17 November 2011 By Antony Currie, Margaret Doyle

Give UBS two hearty cheers for its decision to slim down to a more suitable fighting weight. New Chief Executive Sergio Ermotti told shareholders on Thursday that the Swiss lender is to almost halve risk-weighted assets at the investment bank to 150 billion Swiss francs. Moreover, he is putting UBS’s private and Swiss banking operations front and centre. That’ll please regulators and investors alike.

But investors should hold off on the third cheer for now. Granted, the plans Ermotti and investment bank boss Carsten Kengeter have put together look sensible enough. They’re shutting several businesses that consume too much capital without providing commensurate returns, such as prop trading, non-mortgage securitisation and complex structured products.

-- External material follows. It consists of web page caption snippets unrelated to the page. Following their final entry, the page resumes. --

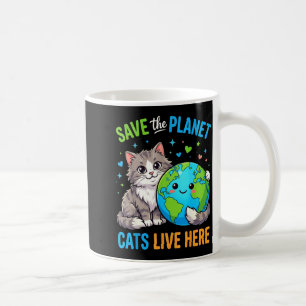 Caneca De Café Mulheres homens do dia da terra salvam o planeta g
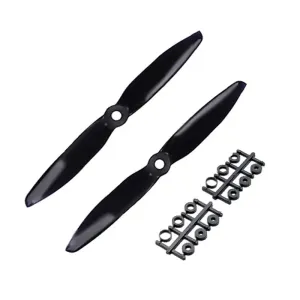 Orange HD Propellers 1050(10X5.0) Carbon Nylon Black 1CW 1CCW-1pair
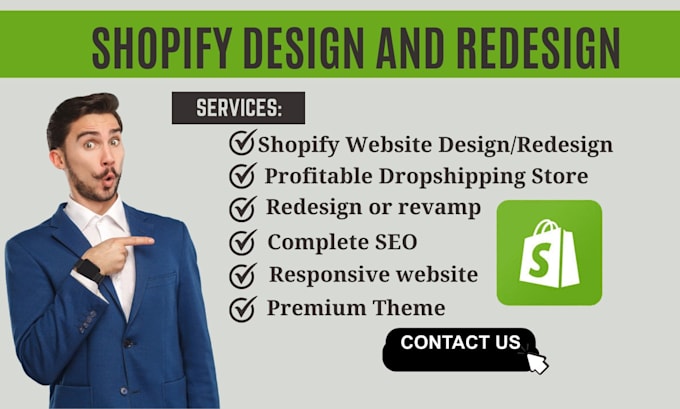 Bestseller - do shopify website design and shopify website redesign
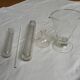 Chemistry glassware test tubes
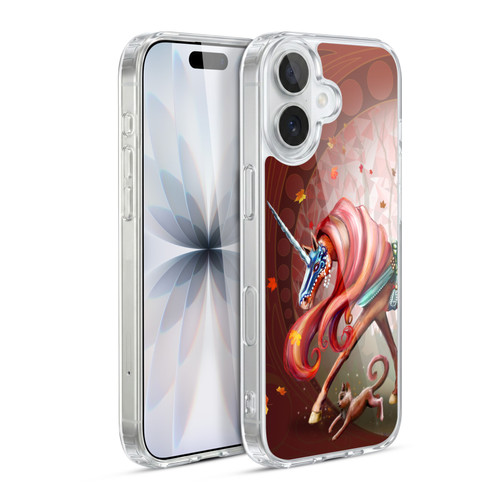 Rose Khan Unicorns Autumn Orange Soft Gel Case for Apple iPhone 17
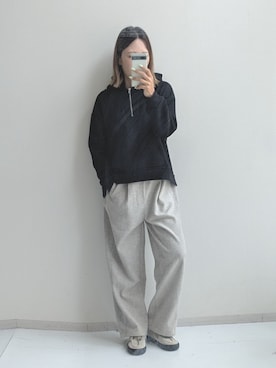 「アイテム（バレエシューズ）」を使った、syuna__chanさん（レディース・164cm・40代）の秋コーディネート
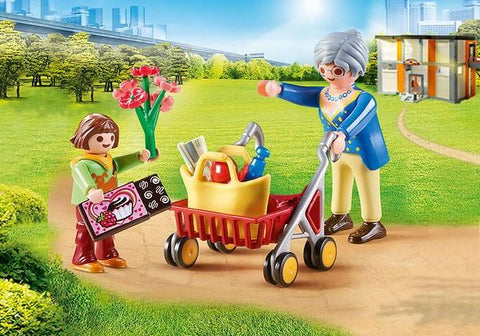 Playmobil Grandmother With Child (70194)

Others, like U.S. credit trading and synthetic equities, will be scaled back.

That shows a healthy dose of self-awareness: not only of the limitations of both capital constraints and its own penetration in certain businesses, but also of where an investment bank tethered to one of the premier global private banking franchises should draw the line.

On top of that, UBS is also trimming its return-on-equity ambitions for 2013 to between 12 percent and 17 percent – previously executives were aiming for 15 percent to 20 percent. The new target looks far more realistic. And the return of a dividend, however token, is welcome from a bank that already looks well capitalised with good liquidity.

But some of this looked overdue even before the painful $2 billion rogue trading loss in the summer. Several rivals have already slashed earnings targets. Some 45 percent of the balance-sheet trimming stems from offloading unwanted legacy assets. And this is not the first time UBS has insisted it’s embracing a client-centric strategy.

What’s more, shrinking ambitions while trying to maintain already dented staff morale is no easy task. UBS still needs to rebuild confidence in its compliance and risk-management practices in the wake of the rogue trading scandal. And executives must demonstrate they can stick to their knitting – though having legacy assets managed at group level should reassure investors that the investment bank won’t quietly plough the proceeds back into other ventures.

Ermotti and Kengeter are making the right moves so far. But the onus is on them to keep up the momentum.